:: Records supplied
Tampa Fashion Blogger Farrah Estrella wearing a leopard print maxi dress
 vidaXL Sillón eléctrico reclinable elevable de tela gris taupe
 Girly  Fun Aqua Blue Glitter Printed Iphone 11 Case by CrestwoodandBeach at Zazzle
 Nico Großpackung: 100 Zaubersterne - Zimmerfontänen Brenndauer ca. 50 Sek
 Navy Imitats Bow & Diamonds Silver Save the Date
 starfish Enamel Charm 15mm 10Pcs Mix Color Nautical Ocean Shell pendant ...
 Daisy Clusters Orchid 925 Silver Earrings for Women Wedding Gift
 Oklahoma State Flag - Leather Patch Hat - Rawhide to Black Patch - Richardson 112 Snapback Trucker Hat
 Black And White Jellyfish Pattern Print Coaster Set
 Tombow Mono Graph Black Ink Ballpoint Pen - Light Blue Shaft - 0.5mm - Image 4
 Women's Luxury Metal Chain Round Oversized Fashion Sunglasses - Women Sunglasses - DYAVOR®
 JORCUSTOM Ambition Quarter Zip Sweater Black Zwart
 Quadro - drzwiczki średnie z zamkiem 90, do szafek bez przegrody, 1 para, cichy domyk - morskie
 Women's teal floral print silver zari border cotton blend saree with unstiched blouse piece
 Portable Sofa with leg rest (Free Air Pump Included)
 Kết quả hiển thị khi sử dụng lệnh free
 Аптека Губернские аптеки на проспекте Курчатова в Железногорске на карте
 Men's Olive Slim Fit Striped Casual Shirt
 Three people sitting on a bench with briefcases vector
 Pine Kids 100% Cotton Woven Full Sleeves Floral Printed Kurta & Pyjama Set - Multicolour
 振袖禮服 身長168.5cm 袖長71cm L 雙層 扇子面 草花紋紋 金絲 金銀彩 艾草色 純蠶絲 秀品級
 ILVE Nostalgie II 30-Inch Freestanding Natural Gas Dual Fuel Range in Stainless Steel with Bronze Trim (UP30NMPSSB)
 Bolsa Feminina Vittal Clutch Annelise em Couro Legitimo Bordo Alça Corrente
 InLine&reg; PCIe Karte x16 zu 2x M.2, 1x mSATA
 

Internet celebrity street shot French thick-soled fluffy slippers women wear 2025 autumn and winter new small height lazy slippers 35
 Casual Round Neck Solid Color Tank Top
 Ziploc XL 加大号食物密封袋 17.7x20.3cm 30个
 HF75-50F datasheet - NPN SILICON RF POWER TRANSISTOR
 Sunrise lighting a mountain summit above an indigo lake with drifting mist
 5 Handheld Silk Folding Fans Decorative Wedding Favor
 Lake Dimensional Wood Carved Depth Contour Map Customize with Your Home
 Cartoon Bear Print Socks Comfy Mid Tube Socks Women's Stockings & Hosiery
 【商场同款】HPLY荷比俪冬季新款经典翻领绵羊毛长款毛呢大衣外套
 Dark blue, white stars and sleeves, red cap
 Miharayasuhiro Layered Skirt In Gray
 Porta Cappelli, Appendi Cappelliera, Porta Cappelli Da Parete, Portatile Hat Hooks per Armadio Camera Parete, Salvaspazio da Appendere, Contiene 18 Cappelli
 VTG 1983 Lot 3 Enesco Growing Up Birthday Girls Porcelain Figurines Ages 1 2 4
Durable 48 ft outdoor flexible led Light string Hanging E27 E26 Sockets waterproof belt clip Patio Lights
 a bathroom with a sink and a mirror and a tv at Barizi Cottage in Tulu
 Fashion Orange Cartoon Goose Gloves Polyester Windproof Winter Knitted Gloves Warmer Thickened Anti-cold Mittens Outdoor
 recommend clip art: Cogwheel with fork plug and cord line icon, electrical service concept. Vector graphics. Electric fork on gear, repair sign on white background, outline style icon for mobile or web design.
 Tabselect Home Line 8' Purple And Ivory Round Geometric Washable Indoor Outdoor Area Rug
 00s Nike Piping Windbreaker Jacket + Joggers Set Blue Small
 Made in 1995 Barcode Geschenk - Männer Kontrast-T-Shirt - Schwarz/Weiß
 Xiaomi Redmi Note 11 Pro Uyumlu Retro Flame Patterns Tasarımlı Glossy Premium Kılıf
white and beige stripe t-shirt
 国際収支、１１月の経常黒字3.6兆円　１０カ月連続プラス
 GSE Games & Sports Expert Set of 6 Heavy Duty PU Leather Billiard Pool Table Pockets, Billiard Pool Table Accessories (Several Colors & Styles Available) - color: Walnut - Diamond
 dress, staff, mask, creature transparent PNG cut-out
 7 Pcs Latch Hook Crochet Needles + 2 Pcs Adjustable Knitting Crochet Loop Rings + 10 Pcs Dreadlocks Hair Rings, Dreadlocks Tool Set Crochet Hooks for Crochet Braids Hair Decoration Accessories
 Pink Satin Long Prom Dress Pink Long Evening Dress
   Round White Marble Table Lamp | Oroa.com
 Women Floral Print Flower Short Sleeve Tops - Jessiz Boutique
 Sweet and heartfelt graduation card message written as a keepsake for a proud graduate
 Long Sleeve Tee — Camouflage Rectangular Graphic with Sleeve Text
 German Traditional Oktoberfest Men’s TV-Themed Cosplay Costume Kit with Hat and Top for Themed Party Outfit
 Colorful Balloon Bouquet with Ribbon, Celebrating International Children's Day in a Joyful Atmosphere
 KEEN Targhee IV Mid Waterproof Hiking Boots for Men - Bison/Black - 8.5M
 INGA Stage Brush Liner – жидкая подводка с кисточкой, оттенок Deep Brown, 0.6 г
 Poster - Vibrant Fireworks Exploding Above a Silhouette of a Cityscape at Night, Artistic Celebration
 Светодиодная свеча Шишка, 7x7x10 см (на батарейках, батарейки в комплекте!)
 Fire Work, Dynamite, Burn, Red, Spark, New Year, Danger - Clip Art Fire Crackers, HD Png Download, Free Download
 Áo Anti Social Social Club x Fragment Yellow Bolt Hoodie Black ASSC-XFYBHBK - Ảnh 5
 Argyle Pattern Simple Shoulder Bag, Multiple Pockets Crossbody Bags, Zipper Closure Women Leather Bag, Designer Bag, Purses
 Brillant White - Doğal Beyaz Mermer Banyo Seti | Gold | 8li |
::::
#### [What you will do]
Keep both end lines and retype everything in the records above from the line containing "Daisy Clusters Orchid" through the line containing "Women's teal floral", exactly, with nothing else.

#### [Result for this task]
 Daisy Clusters Orchid 925 Silver Earrings for Women Wedding Gift
 Oklahoma State Flag - Leather Patch Hat - Rawhide to Black Patch - Richardson 112 Snapback Trucker Hat
 Black And White Jellyfish Pattern Print Coaster Set
 Tombow Mono Graph Black Ink Ballpoint Pen - Light Blue Shaft - 0.5mm - Image 4
 Women's Luxury Metal Chain Round Oversized Fashion Sunglasses - Women Sunglasses - DYAVOR®
 JORCUSTOM Ambition Quarter Zip Sweater Black Zwart
 Quadro - drzwiczki średnie z zamkiem 90, do szafek bez przegrody, 1 para, cichy domyk - morskie
 Women's teal floral print silver zari border cotton blend saree with unstiched blouse piece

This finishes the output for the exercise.